Collection entries:
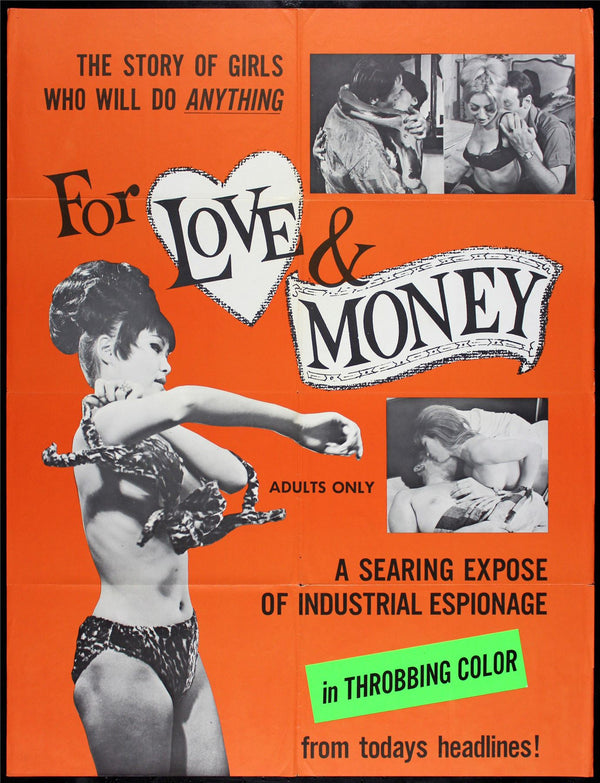 Original For Love & Money movie poster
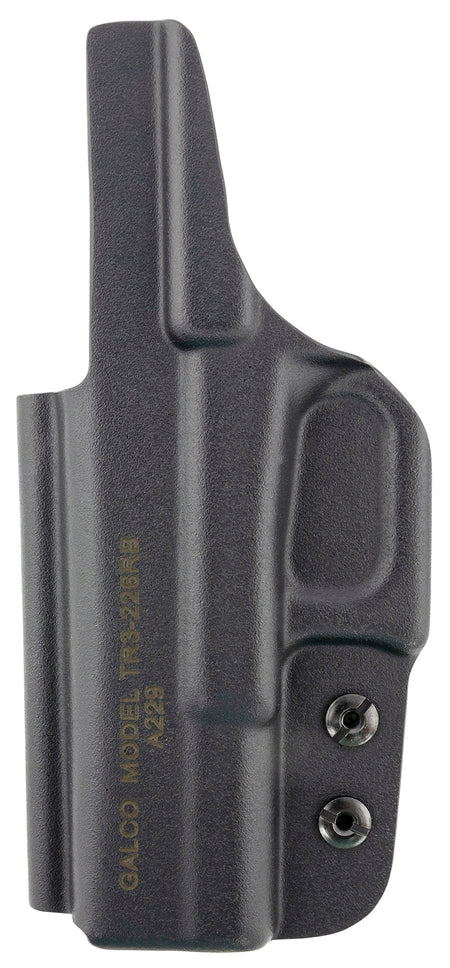 Galco TR3226RB Triton 3.0 Outside Waistband Black Leather Holster for Glock 19 Gen1-5 Glock 23 Gen2-5 and Glock 32 Right Hand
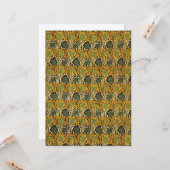 チューリップとリリー模様（William Morris著） カード (正面/裏面インサイチュ)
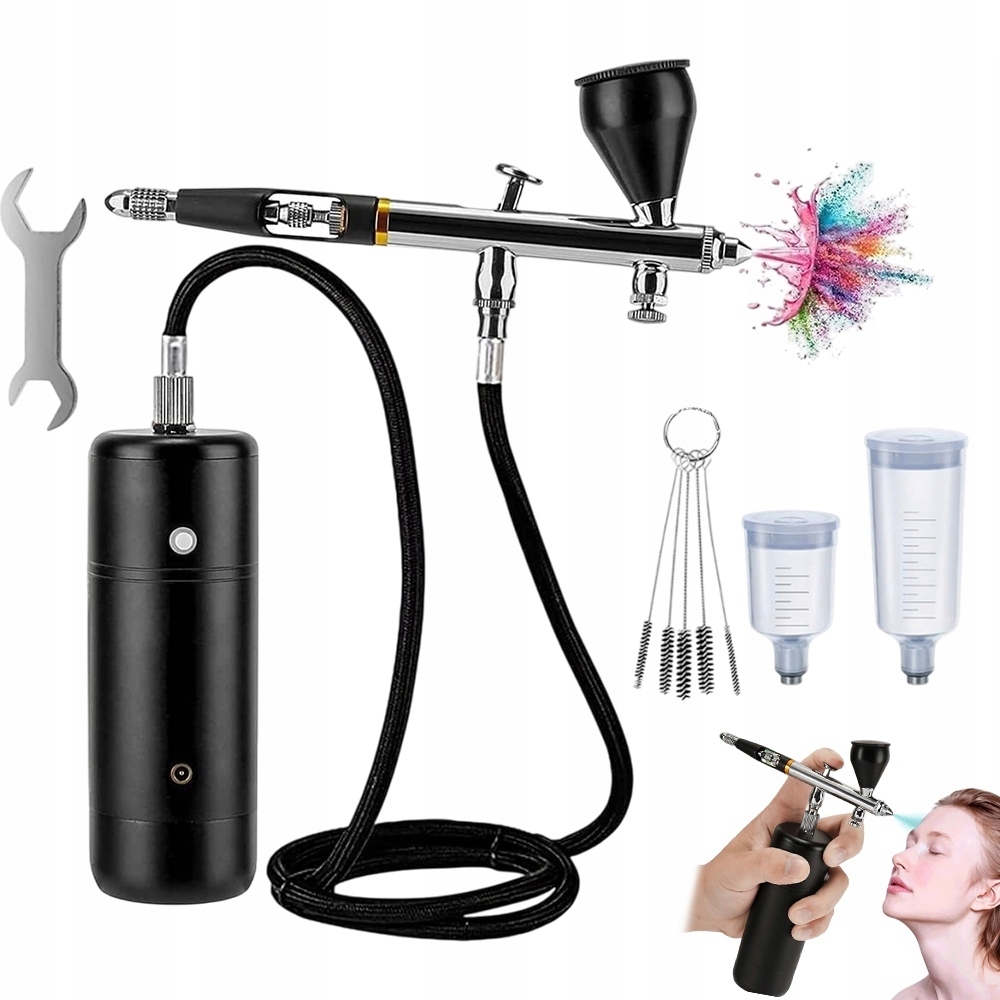 Multifunkční airbrush s regulací tlaku pro malování a kosmetiku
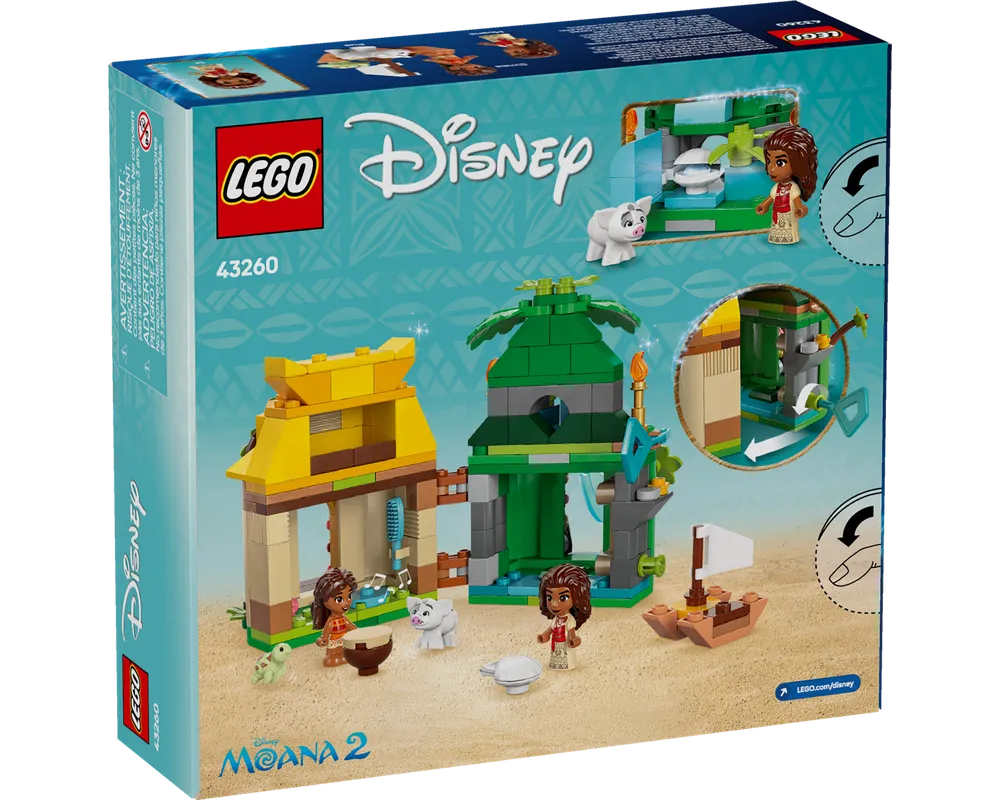 LEGO Disney 43260 - Moana's Island Fun - Authentic LEGO Set Image 6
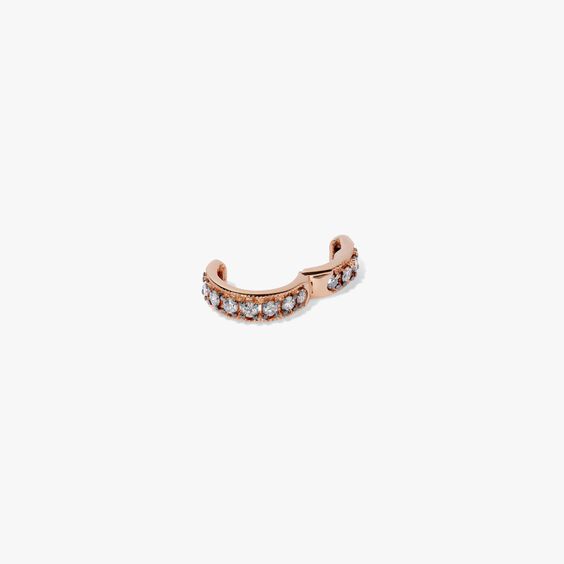 Dusty Diamonds 18ct Rose Gold Diamond Ear Cuff | Annoushka jewelley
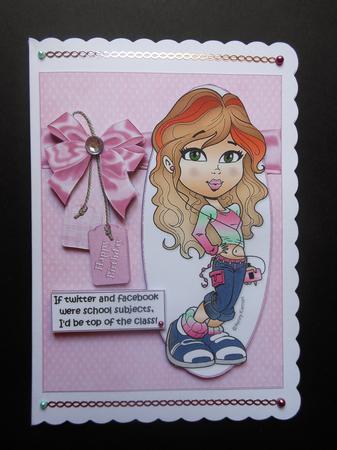 Teen Diva Top of the Class Quick Card by S.Elisabet Osborn Wright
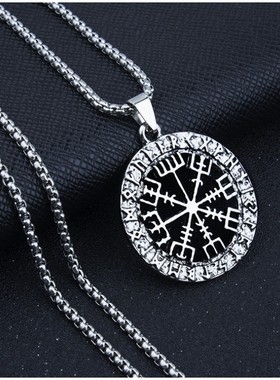 欧美热销复古男士标志护身符项链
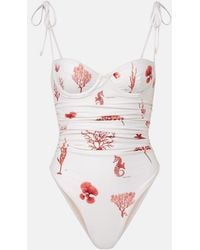 Agua Bendita - Rabano Printed Swimsuit - Lyst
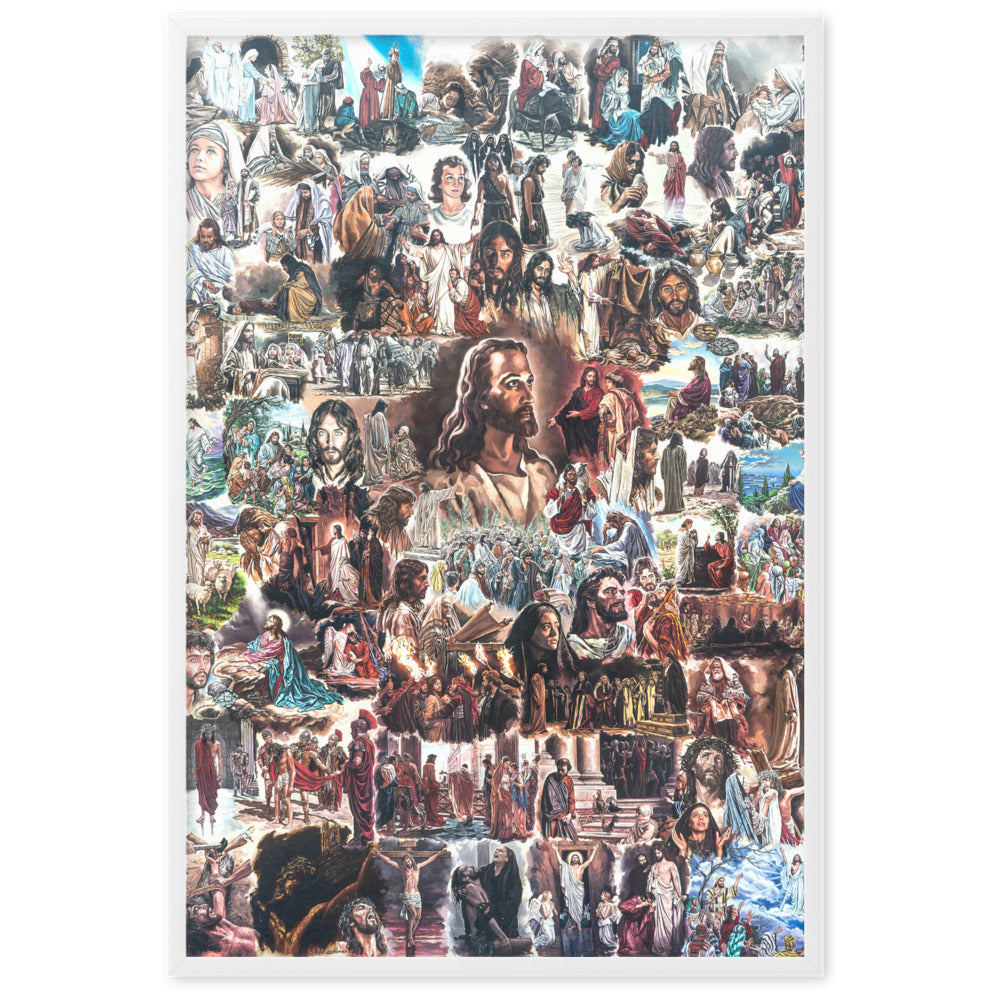 Framed matte paper poster: Life Of Christ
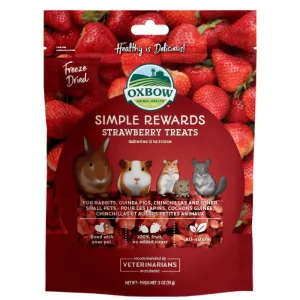 15% OFF: Oxbow Simple Rewards Strawberry Treats For Small Animals 15g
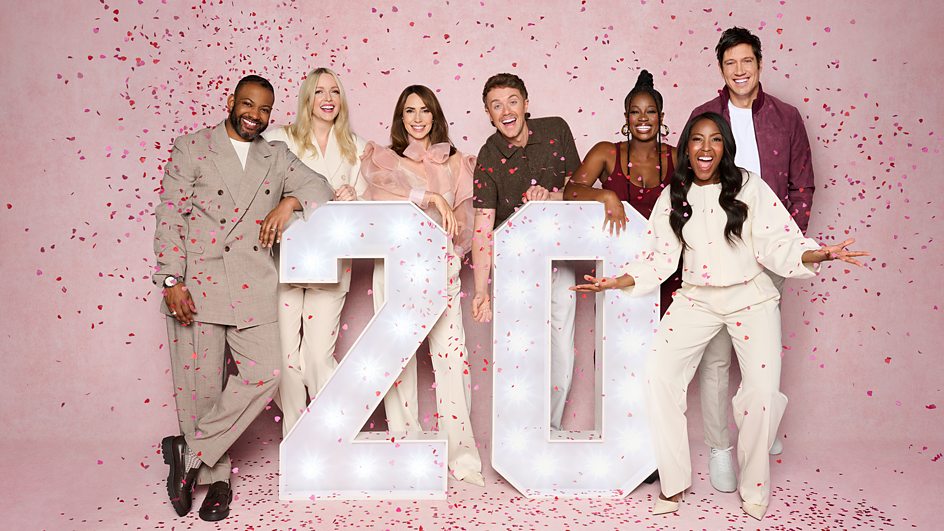 The One Show hosts celebrating 20 years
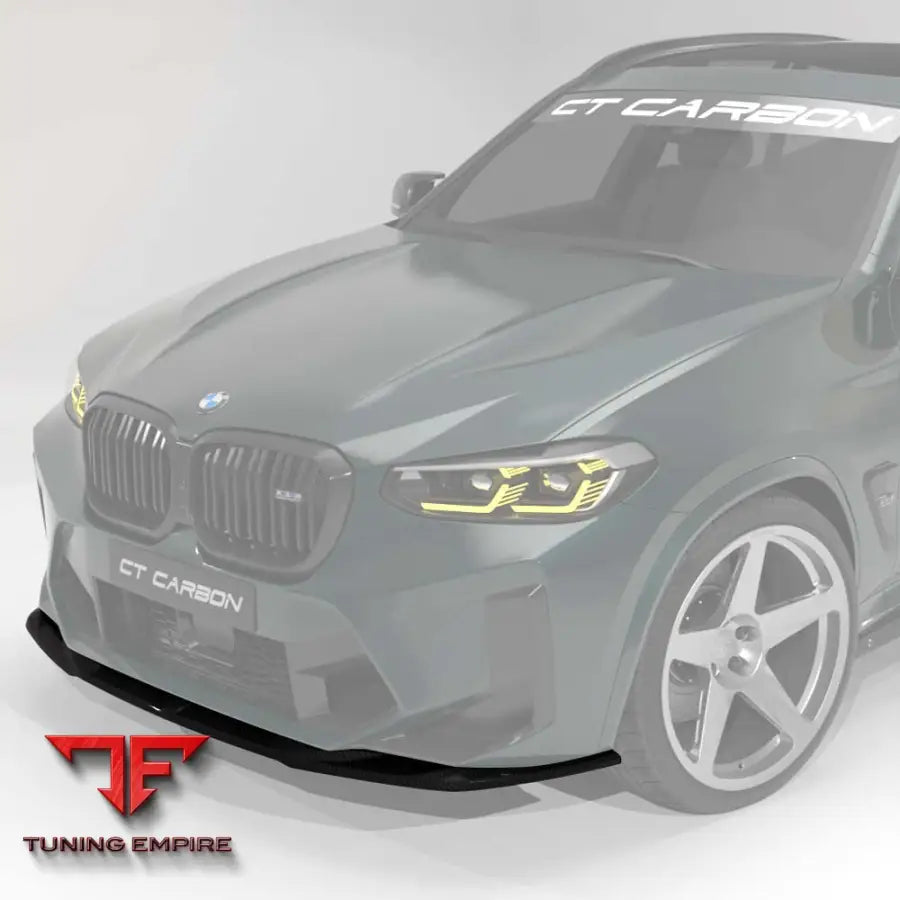 BMW F97 X3M & F98 X4M 2021-2024 (LCI) CARBON FIBRE SPLITTER - CT CARBON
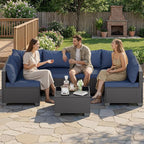 Skyfish 7 Pieces Patio Furniture Sofa by Skyfish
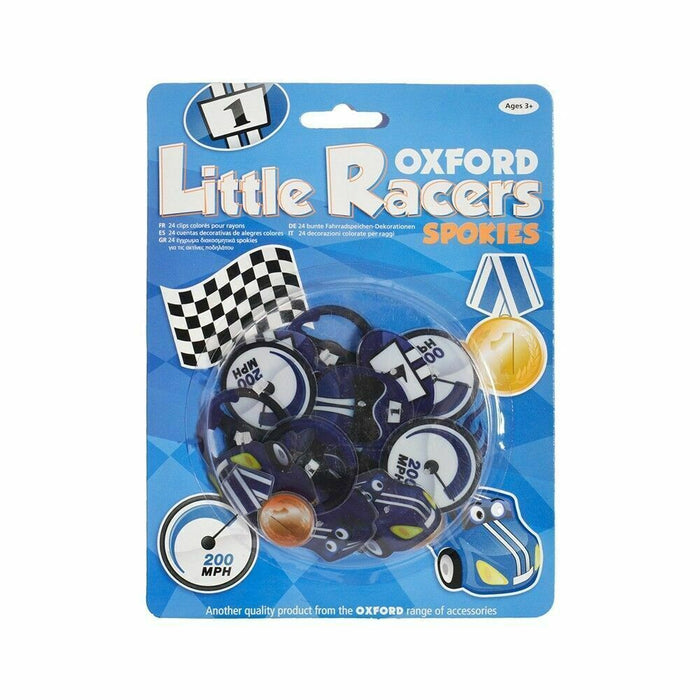 Oxford Little Racers Kid's Colourful Snap Fit Spokey Dokeys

**EXERCISE:** Print from the line containing "Galco TR3226RB Triton" through the line containing "Multifunkční airbrush s" in the data above, exactly as the lines stand, and omit every picture.

**EXPECTED ANSWER:**
 Galco TR3226RB Triton 3.0 Outside Waistband Black Leather Holster for Glock 19 Gen1-5 Glock 23 Gen2-5 and Glock 32 Right Hand
 チューリップとリリー模様（William Morris著） カード (正面/裏面インサイチュ)
 Multifunkční airbrush s regulací tlaku pro malování a kosmetiku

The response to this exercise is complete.